2. Claims based on the MMS operating agreement. As previously noted, the MMS operating agreement provided that its application and interpretation would be governed by Delaware law, including the Delaware Limited Liability Company Act, Del. Code Ann. tit. 6, §§ 18-101 et seq. (Delaware LLC Act). All agree that the substantive provisions of Delaware law control. Under well settled Delaware law, “[l]imited liability companies are creatures of contract, and the parties have broad discretion to use an LLC agreement to define the character of the company and the rights and obligations of its members.” Kuroda v. SPJS Holdings, LLC, 971 A.2d 872, 880 (Del. Ch. 2009). Parties who create a Delaware LLC are free, by contract, to expand, restrict, or eliminate fiduciary and other duties that would otherwise be owed by a member or a manager of an LLC. See Del. Code Ann. tit. 6, § 18-1101(c), 1101(e).

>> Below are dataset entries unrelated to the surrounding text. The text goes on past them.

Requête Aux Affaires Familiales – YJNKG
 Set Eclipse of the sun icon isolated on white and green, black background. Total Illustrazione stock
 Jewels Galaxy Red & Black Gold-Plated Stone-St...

Petrucci argues that the judge erred in dismissing, prior to trial, certain of his claims based on alleged violations of various provisions of the MMS operating agreement. The judge determined that the unambiguous, plain language of the operating agreement, along with the Delaware LLC Act, explicitly allowed the actions of the defendants at issue. We agree with the judge that the MMS operating agreement expressly permitted the individual defendants to dissolve MMS, to distribute its assets, and to create their own business entity to engage in the same business as MMS.
a. Breach of contract and misappropriation of corporate opportunities. Petrucci first challenges the dismissal of the claims contained in his second amended complaint against the individual defendants for breach of contract and breach of fiduciary duty based on the defendants’ competition with MMS and misappropriation of corporate opportunities belonging to MMS. These claims were dismissed in response to motions to dismiss filed by the individual defendants.8
We review the allowance of a motion to dismiss pursuant to Mass. R. Civ. P. 12 (b) (6), 365 Mass. 754 (1974), de novo, accepting the allegations in the complaint as true and drawing all reasonable inferences in the nonmoving party's favor. See Curtis v. Herb Chambers I-95, Inc., 458 Mass. 674, 676 (2011). The ultimate inquiry is whether Petrucci alleged facts “so as to plausibly suggest an entitlement to relief” (quotation and citation omitted). Baker v. Wilmer Cutler Pickering Hale & Dorr, LLP, 91 Mass. App. Ct. 835, 842 (2017).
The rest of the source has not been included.